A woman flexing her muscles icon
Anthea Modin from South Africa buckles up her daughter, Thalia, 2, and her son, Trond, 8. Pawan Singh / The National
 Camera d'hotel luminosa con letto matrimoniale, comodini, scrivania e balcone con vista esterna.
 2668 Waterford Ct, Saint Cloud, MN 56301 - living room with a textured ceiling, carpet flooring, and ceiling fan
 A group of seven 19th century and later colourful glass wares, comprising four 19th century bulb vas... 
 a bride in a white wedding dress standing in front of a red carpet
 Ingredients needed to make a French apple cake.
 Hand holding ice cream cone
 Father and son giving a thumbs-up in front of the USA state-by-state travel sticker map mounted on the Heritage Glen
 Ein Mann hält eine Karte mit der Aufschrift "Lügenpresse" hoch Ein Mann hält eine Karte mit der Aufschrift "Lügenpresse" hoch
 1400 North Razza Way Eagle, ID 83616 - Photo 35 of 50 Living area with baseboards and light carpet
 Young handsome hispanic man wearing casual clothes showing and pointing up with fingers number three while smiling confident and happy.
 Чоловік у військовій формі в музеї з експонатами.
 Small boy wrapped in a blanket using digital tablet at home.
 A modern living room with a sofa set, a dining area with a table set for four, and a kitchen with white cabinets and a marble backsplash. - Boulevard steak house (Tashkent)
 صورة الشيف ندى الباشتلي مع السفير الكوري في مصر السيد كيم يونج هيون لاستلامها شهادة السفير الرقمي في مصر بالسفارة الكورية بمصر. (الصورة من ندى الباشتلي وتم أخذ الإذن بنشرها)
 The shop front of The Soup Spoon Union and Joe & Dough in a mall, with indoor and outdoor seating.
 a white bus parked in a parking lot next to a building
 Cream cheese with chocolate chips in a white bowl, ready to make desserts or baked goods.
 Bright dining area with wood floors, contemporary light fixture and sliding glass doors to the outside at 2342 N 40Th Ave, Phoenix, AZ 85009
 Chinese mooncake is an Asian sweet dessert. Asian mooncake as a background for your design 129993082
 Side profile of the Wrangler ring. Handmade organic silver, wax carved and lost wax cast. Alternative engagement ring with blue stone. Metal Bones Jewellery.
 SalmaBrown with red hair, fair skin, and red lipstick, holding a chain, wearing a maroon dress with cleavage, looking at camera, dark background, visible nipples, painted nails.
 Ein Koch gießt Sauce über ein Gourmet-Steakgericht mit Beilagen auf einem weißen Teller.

· · ·

Task item. From the first line to the last, retype the data exactly.

Response.
A woman flexing her muscles icon
Anthea Modin from South Africa buckles up her daughter, Thalia, 2, and her son, Trond, 8. Pawan Singh / The National
 Camera d'hotel luminosa con letto matrimoniale, comodini, scrivania e balcone con vista esterna.
 2668 Waterford Ct, Saint Cloud, MN 56301 - living room with a textured ceiling, carpet flooring, and ceiling fan
 A group of seven 19th century and later colourful glass wares, comprising four 19th century bulb vas... 
 a bride in a white wedding dress standing in front of a red carpet
 Ingredients needed to make a French apple cake.
 Hand holding ice cream cone
 Father and son giving a thumbs-up in front of the USA state-by-state travel sticker map mounted on the Heritage Glen
 Ein Mann hält eine Karte mit der Aufschrift "Lügenpresse" hoch Ein Mann hält eine Karte mit der Aufschrift "Lügenpresse" hoch
 1400 North Razza Way Eagle, ID 83616 - Photo 35 of 50 Living area with baseboards and light carpet
 Young handsome hispanic man wearing casual clothes showing and pointing up with fingers number three while smiling confident and happy.
 Чоловік у військовій формі в музеї з експонатами.
 Small boy wrapped in a blanket using digital tablet at home.
 A modern living room with a sofa set, a dining area with a table set for four, and a kitchen with white cabinets and a marble backsplash. - Boulevard steak house (Tashkent)
 صورة الشيف ندى الباشتلي مع السفير الكوري في مصر السيد كيم يونج هيون لاستلامها شهادة السفير الرقمي في مصر بالسفارة الكورية بمصر. (الصورة من ندى الباشتلي وتم أخذ الإذن بنشرها)
 The shop front of The Soup Spoon Union and Joe & Dough in a mall, with indoor and outdoor seating.
 a white bus parked in a parking lot next to a building
 Cream cheese with chocolate chips in a white bowl, ready to make desserts or baked goods.
 Bright dining area with wood floors, contemporary light fixture and sliding glass doors to the outside at 2342 N 40Th Ave, Phoenix, AZ 85009
 Chinese mooncake is an Asian sweet dessert. Asian mooncake as a background for your design 129993082
 Side profile of the Wrangler ring. Handmade organic silver, wax carved and lost wax cast. Alternative engagement ring with blue stone. Metal Bones Jewellery.
 SalmaBrown with red hair, fair skin, and red lipstick, holding a chain, wearing a maroon dress with cleavage, looking at camera, dark background, visible nipples, painted nails.
 Ein Koch gießt Sauce über ein Gourmet-Steakgericht mit Beilagen auf einem weißen Teller.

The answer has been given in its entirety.